The study comes as negotiators prepare for COP30, taking place ten years after the Paris Agreement and amid a new wave of updated climate targets from countries worldwide. The report concludes that nearly every major climate risk stems from one root cause – the failure to cut emissions at the speed and scale required. Relying on nature and markets alone will not solve the crisis.

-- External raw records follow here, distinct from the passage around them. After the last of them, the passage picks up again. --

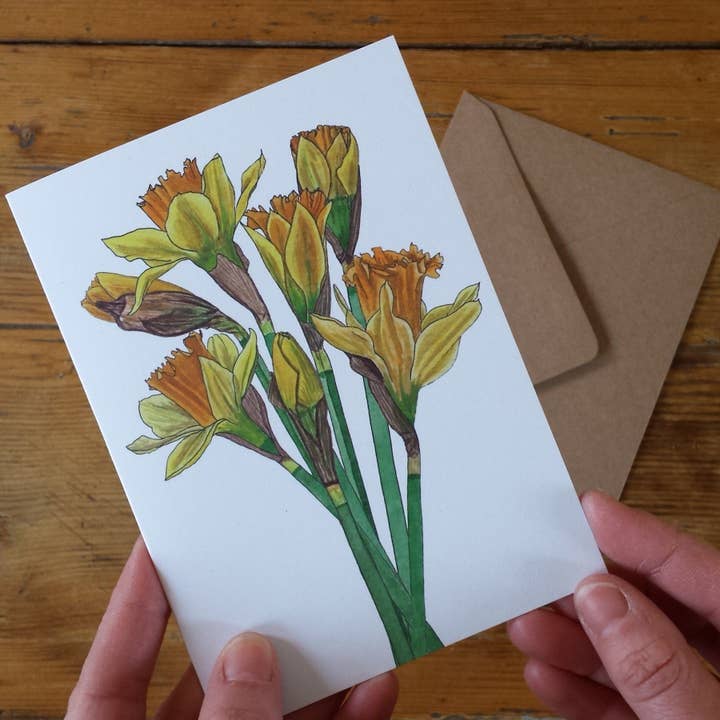 Daffodil Greeting Card, Blank inside for wholesale by Alice Draws The Line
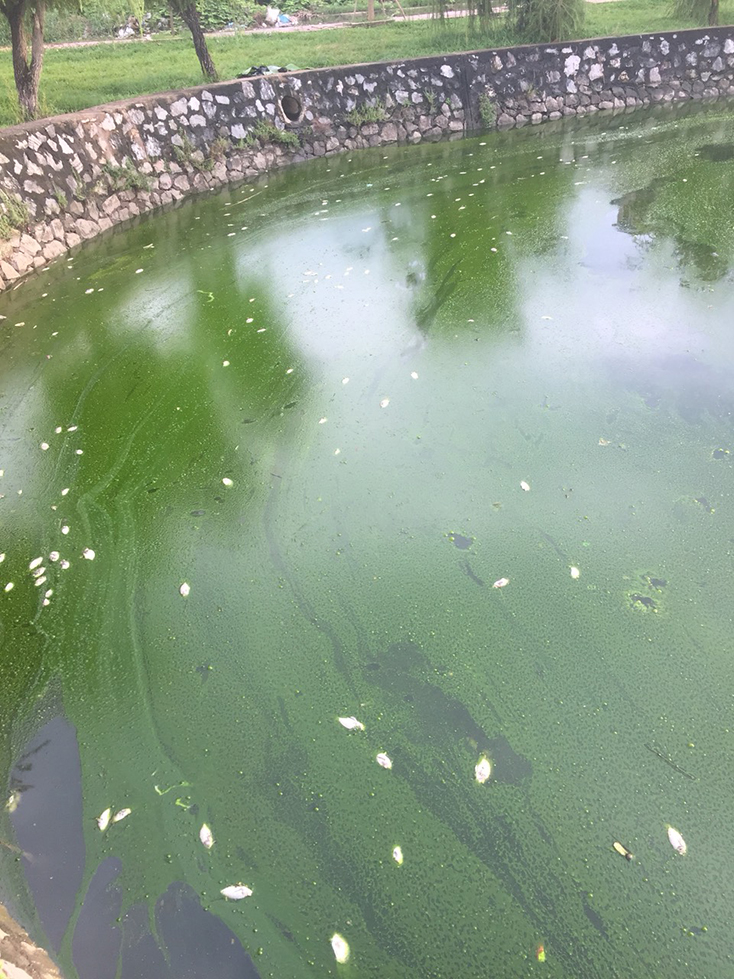Nước đổi sang màu xanh rêu và cá chết gây ảnh hưởng đến cuộc sống người dân khu vực quanh hồ Nam Lý. 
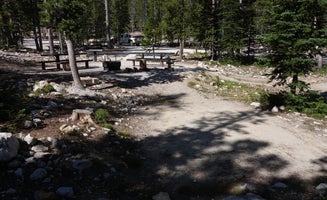 Camper-submitted photo from Meadow Lake Campground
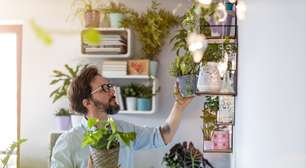 7 plantas para decorar a casa e atrair boas energias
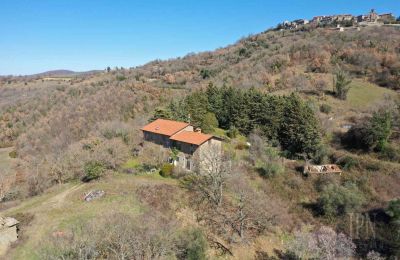 Maison de campagne à vendre 06019 Preggio, Ombrie, Image 6/30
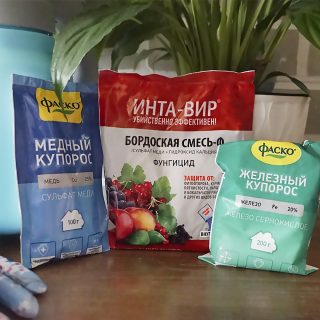 Препараты «Медный купорос» и «Бордоская смесь-Ф» от «Фаско» Препараты «Медный купорос» и «Бордоская смесь-Ф» от «Фаско»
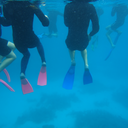 theawesomenessa avatar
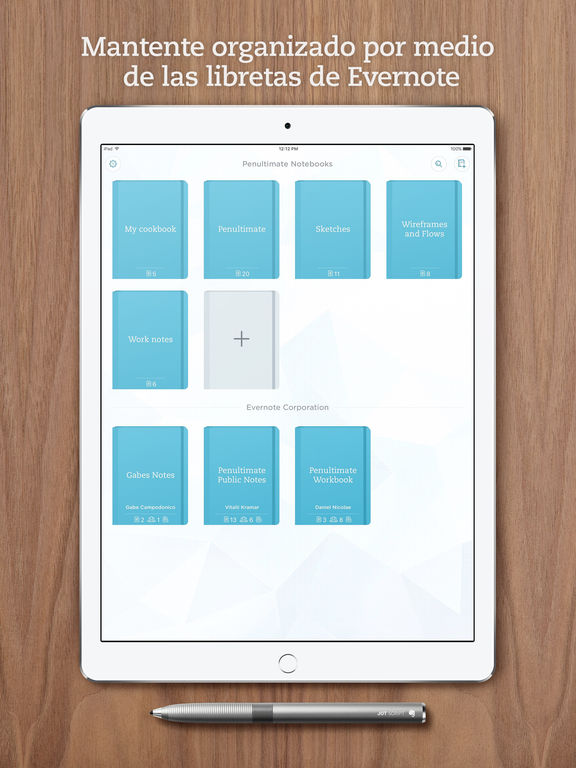 Captura de pantalla del iPad 5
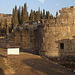 20060130 039DSCw [TR] Hierapolis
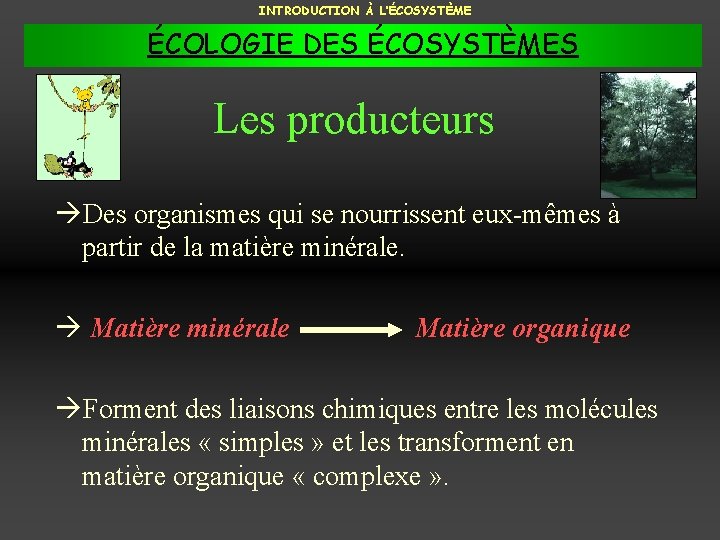 INTRODUCTION À L’ÉCOSYSTÈME ÉCOLOGIE DES ÉCOSYSTÈMES Les producteurs Des organismes qui se nourrissent eux-mêmes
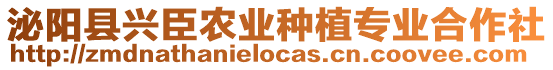 泌陽縣興臣農業種植專業合作社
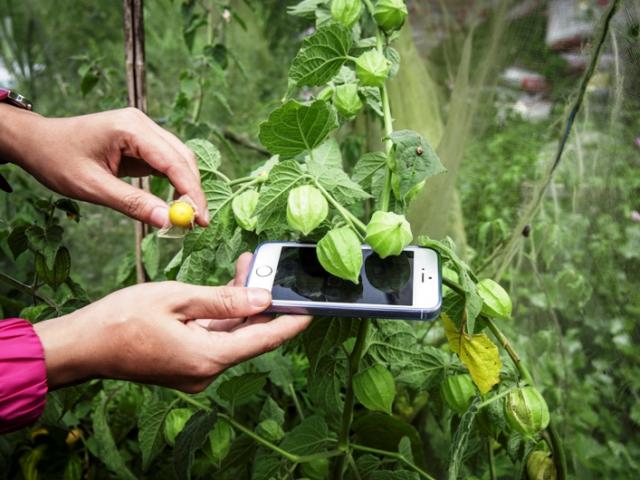 Thị trường - Tiêu dùng - Táo bạo: Cô gái 8x "biến" cây tầm bóp dại thành sữa chua, dược phẩm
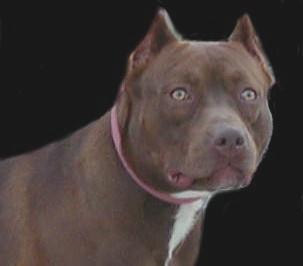 Chocolate Red Nose Pit Bull Garay's Thunderstorm
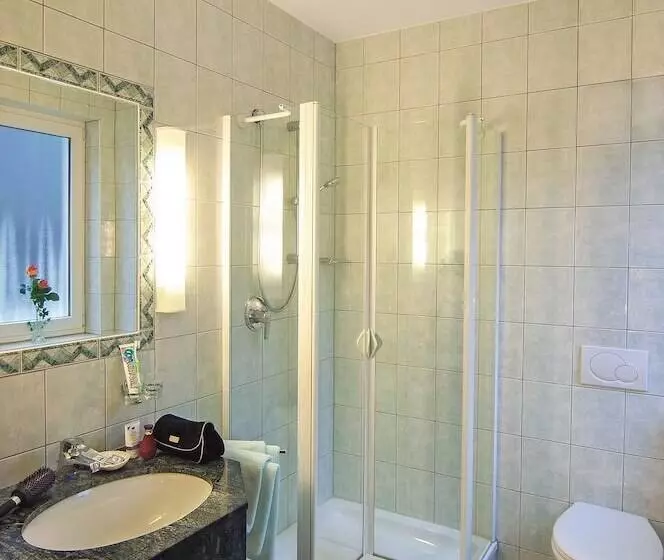 Отель Zum Adler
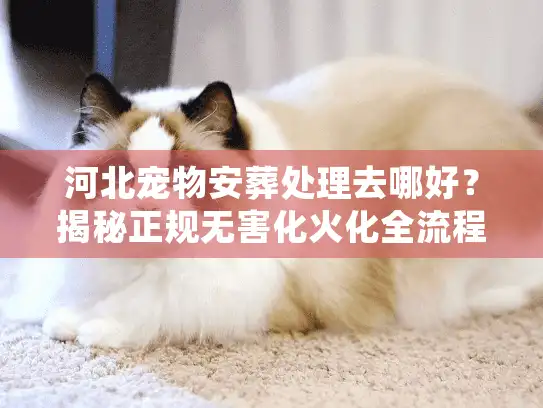 河北宠物安葬处理去哪好？揭秘正规无害化火化全流程与价格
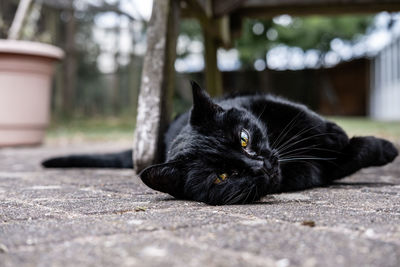 Portrait of black cat resting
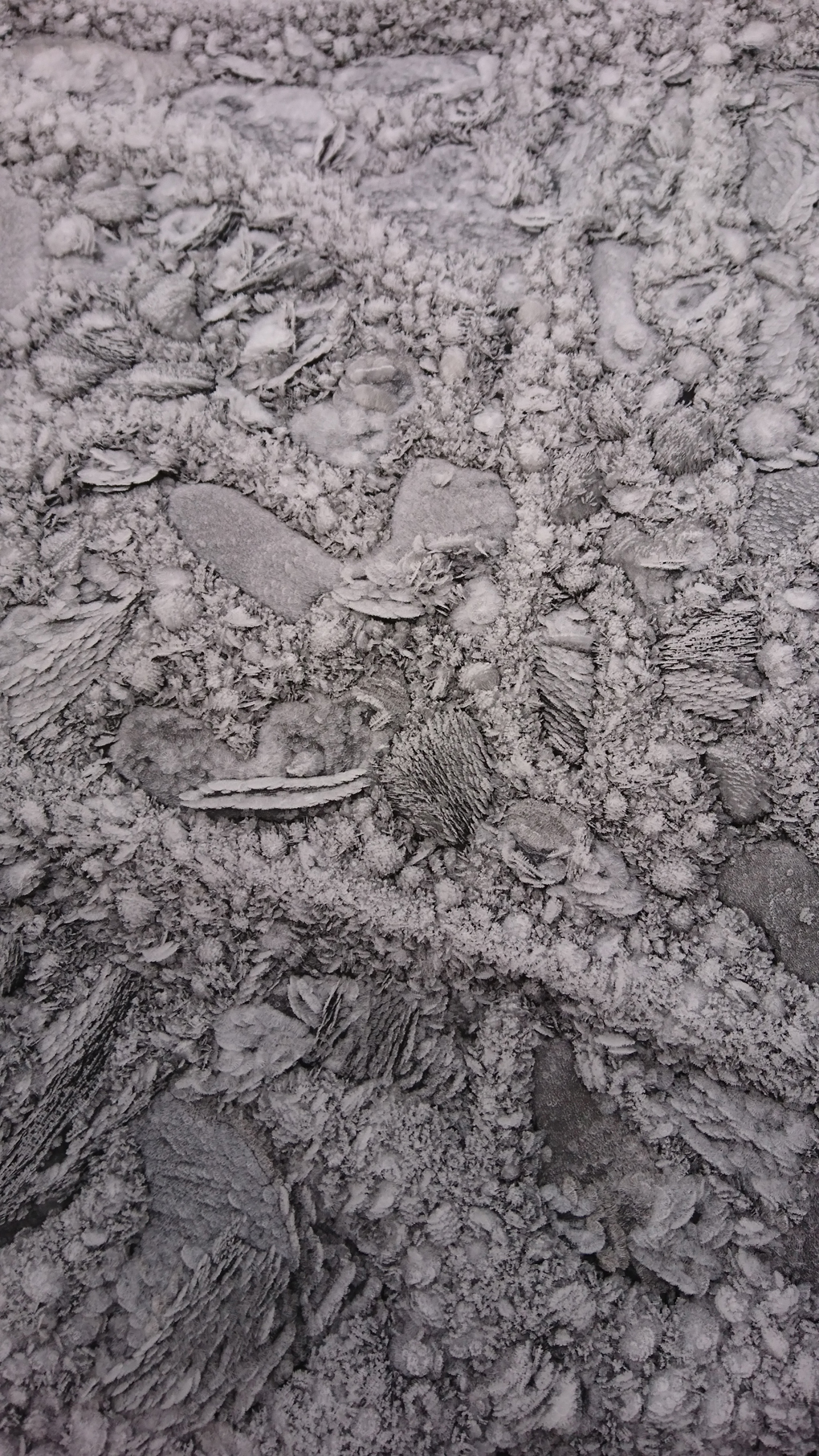 Our outdoor table covering wa covered with heavy frost in early December. The rest of the month has been very wet so I struggled for a photo this month. The frost formed lots of shapes, including a T-Rex, an otter and a hedgehog. Unusual shapes!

Record-breaking temperatures in 2023 and 2024, faster recent ocean warming, and the growing strain on ecosystems and societies are all symptoms of delayed action.
Read:
Full list of 10 insights:
1. Record warming 2023/24: Evidence on the drivers behind recent global temperature
jumps suggests a possible acceleration of global warming.
2. Accelerated ocean warming: Rapid ocean warming and intensifying marine heatwaves
are harming ecosystems and increasing extreme weather risks.
3. Strain on land carbon sinks: Global land carbon sinks are showing signs of stress as the
planet continues to warm.
4. Climate–biodiversity feedback: Biodiversity loss and climate change reinforce each
other in a destabilising loop.
5. Declining groundwater levels: Climate change is accelerating groundwater depletion,
increasing risks to agriculture and urban settlements.
6. Climate-driven dengue outbreaks: Rising temperatures are creating more favourable
conditions for the mosquitoes that spread dengue, driving the disease’s geographical
spread and intensity.
7. Impacts on labour productivity: Increasing heat stress is projected to reduce working
hours and economic output.
8. Scaling carbon dioxide removal (CDR): Scaling CDR responsibly is essential, but with a
focus on hard-to-abate emissions and limiting climate overshoot.
9. Carbon market integrity challenges: Strengthening standards and transparency in
voluntary carbon markets is needed to ensure real mitigation benefits.
10. Effective policy mixes: Carefully designed policy mixes are more effective than single
measures in achieving deep and lasting emission cuts.